Thanks for pointing that one out, see:
http://www.kernel.org/git/?p=linux/kernel/git/steve/gfs2-2.6.git;a=commitdiff;h=0d42e54220ba34e031167138ef91cbd42d8b5876
for the patch to fix that.
>
> Why is gfs2_internal_read() called the "external read function" in the
> changelog?
>
Thats a typo/thinko I think. The title of the entry is still correct
though and should give a bit of a clue to that being wrong in the log.

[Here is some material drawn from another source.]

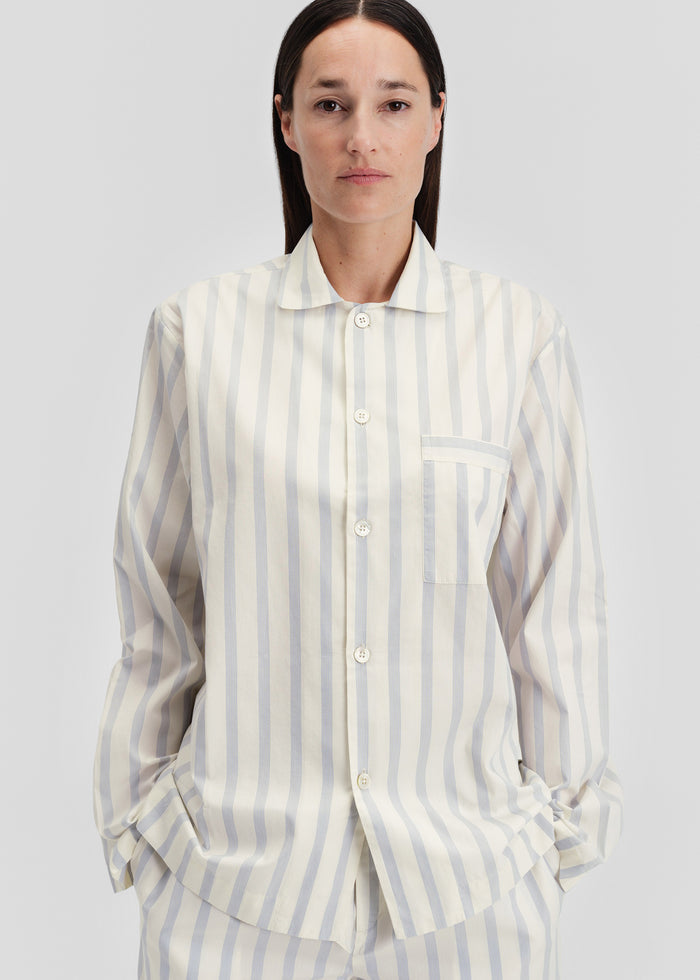 Tekla Poplin Pyjama Shirt - Needle Stripes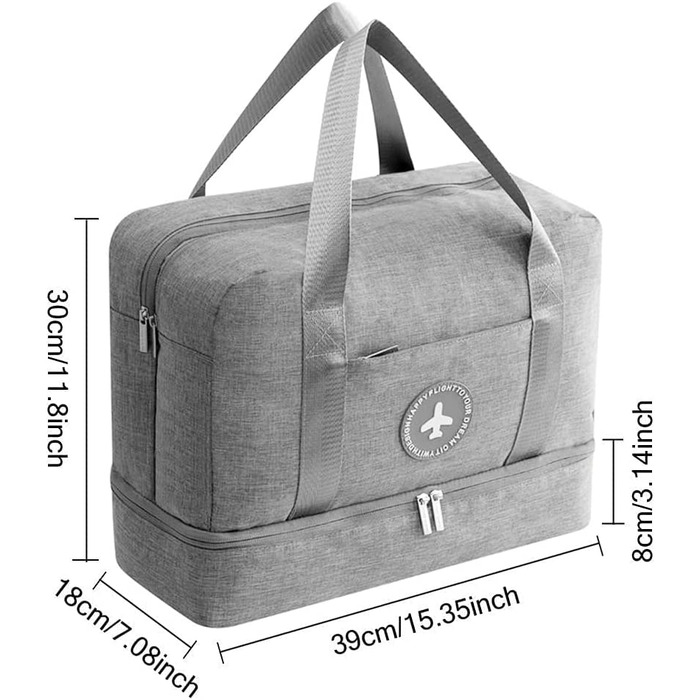 Спортивна сумка, дорожня сумка для ручної поклажі для жінок і чоловіків з відділенням для взуття, водонепроникна для подорожей, активного відпочинку, кемпінгу (сірий)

> The internal_read function doesn't look like a great candidate for passing
> a ra_state to, which invokes all the mechanism expecting a regular file
> being accessed by a user program.
>
> It seems as though you could explicitly control readahead more optimally,
> but I don't know what the best way to do that would be. I assume Andrew
> has had a quick look and doesn't know either.
>
I'm not sure if he has looked at this specifically, I've not had any
other feedback suggesting that its a bad idea so far. It is used in
places where a regular file is being read, so it would appear to be the
"right thing" in those cases. At least it seems preferable to me than
the alternative of writing a special case readahead which I doubt would
be a great difference in performance.
> The part where you needed file_read_actor looks like pretty much a stright
> cut and paste from __generic_file_aio_read, which indicates that you might
> be exporting at the wrong level.
>
Yes, and as the comment says:
/**
* __gfs2_file_aio_read - The main GFS2 read function
*
* N.B. This is almost, but not quite the same as __generic_file_aio_read()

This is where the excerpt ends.